West Point, Mississippi

The Great Vigil of Easter

Ezekiel 37.1-14                                                                                                                        Romans 6.3-11

 

1)     Volgograd is a city in central Russia, taking its name from the great Volga River, along the western bank of which it lies.

a)      The city is of rather odd geography, being many miles long, along the river, but only about a mile and a half wide.

i)       To the west of the city proper lies land which remains mainly uncultivated, open steppe as far as the eye can see.

b)     Volgograd is not the original name of the city, which was called Tsaritsyn at its founding.

i)       The name, however, by which the city is known generally is that which it bore from 1925 to 1988:  Stalingrad, site of the greatest land battle in human history.

 

2)     As reported in 1993, fifty years after the great battle, one could still find on the steppe to the west of the city the remains of the German, Italian, and Rumanian armies which fought and perished there.

i)       What kind of remains?  Almost all the metal was gone.

(1)  There were a few scraps of equipment, even the remnant here and there of a boot.

(2)  Mainly, though, there were bones.

(a)   This is factual.  Fifty years after the battle, bones could still be found, scattered as far as the eye could see.

 

3)     Which brings us to the words of Ezekiel which we heard during the Great Vigil, the Lord’s question to the prophet:  “Son of man, can these bones live?”

a)      Can they indeed.  The bones at Stalingrad are not the bones of the whole house of Israel, referred to in Ezekiel’s vision, but the bones of those who fought for one of the most evil regimes in history.
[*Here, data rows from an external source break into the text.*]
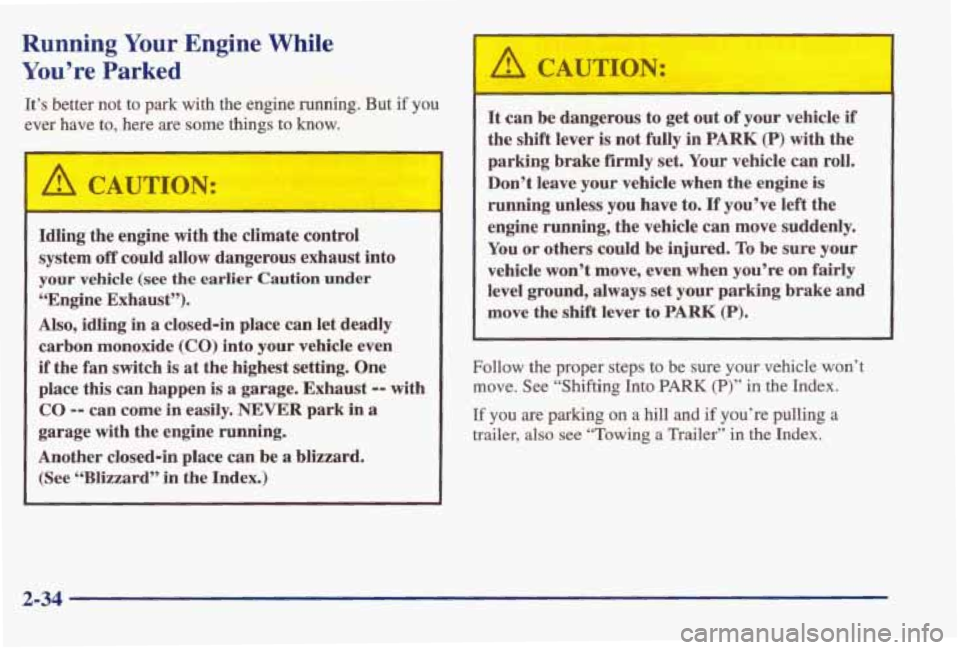 PONTIAC BONNEVILLE 1998  Owners Manual Running Your Engine  While 
You’re Parked 
It’s better  not  to  park  with  the  engine running. But if you 
ever  have  to,  here are some  things  to  know. 
&A CAUTION: 
Idling  the  engine  w
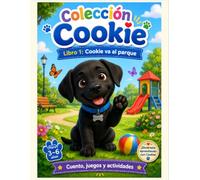 Cookie va al parque: Cuento y libro de actividades para niños de 3 a 6 años con juegos, laberintos, números, trazos y dibujos para colorear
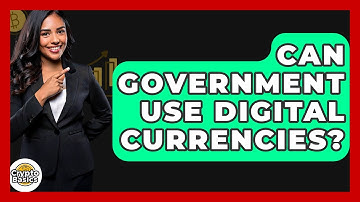 Can Government Use Digital Currencies? - CryptoBasics360.com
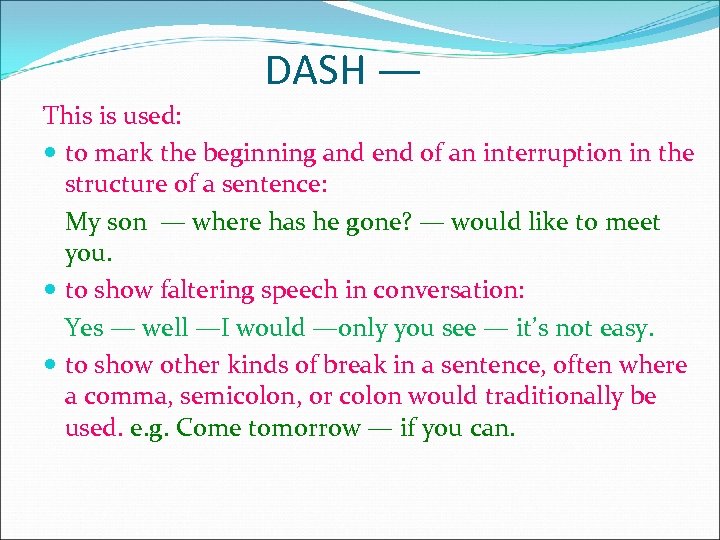 DASH — This is used: to mark the beginning and end of an interruption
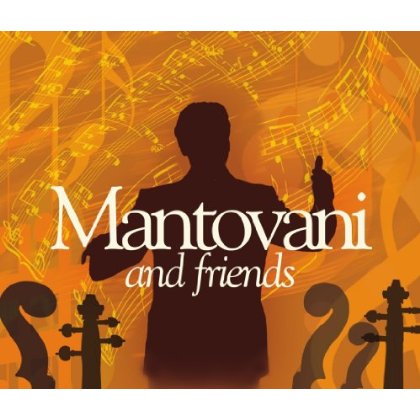 MANTOVANI & FRIENDS / VARIOUS (UK)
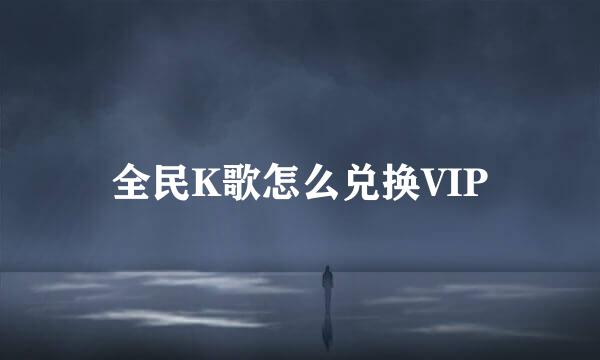 全民K歌怎么兑换VIP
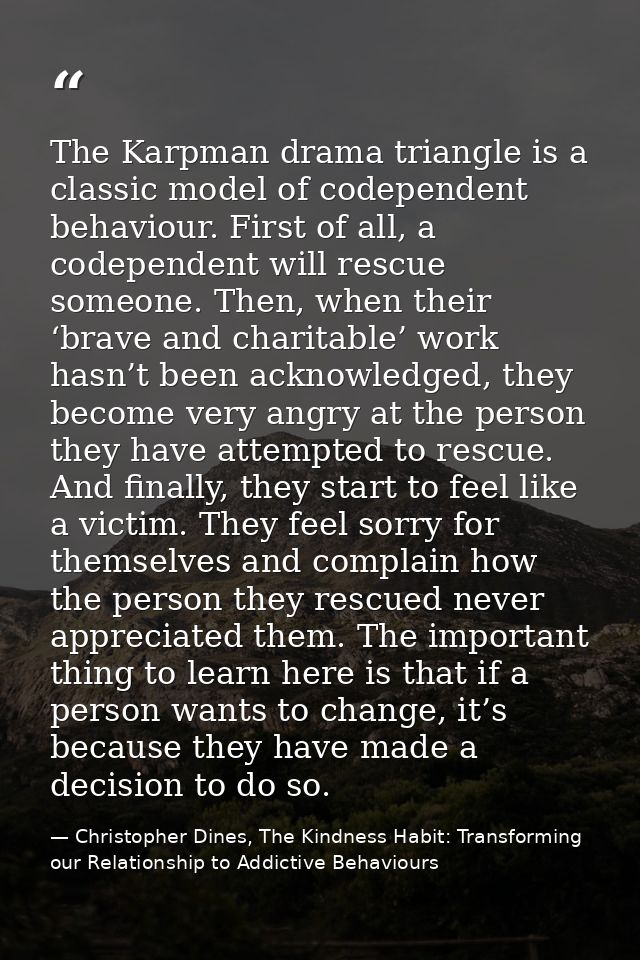 The Karpman drama triangle is a classic model of codependent behaviour. First of all, a codependent will rescue someone. — Christopher Dines, The Kindness Habit: Transforming our Relationship to Addictive Behaviours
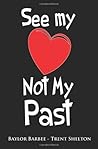 See My Heart not My Past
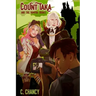 Count Taka and the Vampire Brides: A Comedy of Epic Vampire Bromance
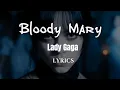 Bloody Mary (Lyrics) - Lady Gaga | ODX LYRICAL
i)       And yet can they live?  Can they live if at death they repented of their sins and turned finally to the Lord; if, having once been baptized, they turned at the last to Jesus to seek their union with him?

 

4)     That’s a hard thing to swallow about the Gospel, that even an evil person can be saved, if he renounces his evil and turns to God.

a)      But that is exactly what St. Paul reminds us of in the lesson from Romans which we will hear later in this service:

 

Do you not know that all of us who have been baptized into Christ Jesus were baptized into his death?  ...  [I]f we have been united with him in a death like his, we shall certainly be united with him in a resurrection like his.  We know that our old self was crucified with him so that ... we might no longer be enslaved to sin.

 

5)     I’m not saying that those who perished at Stalingrad were saved.  But I am saying that they were all eligible for salvation, for the price of sin was paid, once and for all time in the perfect sacrifice made by Jesus on the Cross.
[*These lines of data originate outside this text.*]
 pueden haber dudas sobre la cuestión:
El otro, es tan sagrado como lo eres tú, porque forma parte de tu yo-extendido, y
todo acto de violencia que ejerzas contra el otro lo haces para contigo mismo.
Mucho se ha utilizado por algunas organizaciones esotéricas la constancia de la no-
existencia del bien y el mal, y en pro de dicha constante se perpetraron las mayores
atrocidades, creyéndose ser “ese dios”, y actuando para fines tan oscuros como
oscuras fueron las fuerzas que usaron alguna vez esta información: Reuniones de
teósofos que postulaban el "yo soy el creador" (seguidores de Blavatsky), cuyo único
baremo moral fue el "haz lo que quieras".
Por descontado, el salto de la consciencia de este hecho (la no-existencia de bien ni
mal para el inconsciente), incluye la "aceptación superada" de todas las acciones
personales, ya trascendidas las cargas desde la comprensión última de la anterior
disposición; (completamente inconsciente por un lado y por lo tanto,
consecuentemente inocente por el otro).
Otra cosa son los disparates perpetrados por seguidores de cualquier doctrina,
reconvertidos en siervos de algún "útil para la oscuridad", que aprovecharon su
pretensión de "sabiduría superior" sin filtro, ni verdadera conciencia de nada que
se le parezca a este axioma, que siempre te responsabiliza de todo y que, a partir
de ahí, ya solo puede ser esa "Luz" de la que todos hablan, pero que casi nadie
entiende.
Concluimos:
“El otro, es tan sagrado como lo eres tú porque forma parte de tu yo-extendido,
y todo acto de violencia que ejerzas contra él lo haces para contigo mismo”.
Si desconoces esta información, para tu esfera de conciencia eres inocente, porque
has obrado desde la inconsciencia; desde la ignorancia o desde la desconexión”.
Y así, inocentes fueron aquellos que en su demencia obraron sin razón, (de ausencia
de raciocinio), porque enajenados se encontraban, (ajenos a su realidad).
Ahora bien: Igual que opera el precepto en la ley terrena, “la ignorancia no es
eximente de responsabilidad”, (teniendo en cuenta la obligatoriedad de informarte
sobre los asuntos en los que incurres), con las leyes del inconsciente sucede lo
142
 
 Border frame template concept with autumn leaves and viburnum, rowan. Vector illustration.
a)      The price of sin, the falleness of humankind, is what we are redeemed from in Jesus Christ, and we become members of His Body by dying to our old selves in the holy sacrament of baptism.

i)       In a few minutes we will renew our baptismal vows.  In the words used in Book of Common Prayer  for the prayer over the water used at baptism, it is by this water and the Holy Spirit that we are reborn and enter the fellowship of those who come to the Lord in faith.

(1)   We pray that in baptism, “... that those who here are cleansed from sin and born again may continue for ever in the risen life of Jesus Christ our Savior.”

(2)   In the risen life.  That, brothers and sisters, is what we here celebrate.

(a)   That having died for us, having–in the words of the Apostles’ Creed–“descended to the dead,” our Lord rose again and ascended into heaven.

(i)    He ascended into heaven and calls us to the joy of that kingdom, the joy of life everlasting.

 

To Him “... be blessing and honor and glory and might for ever and ever! ... Amen!”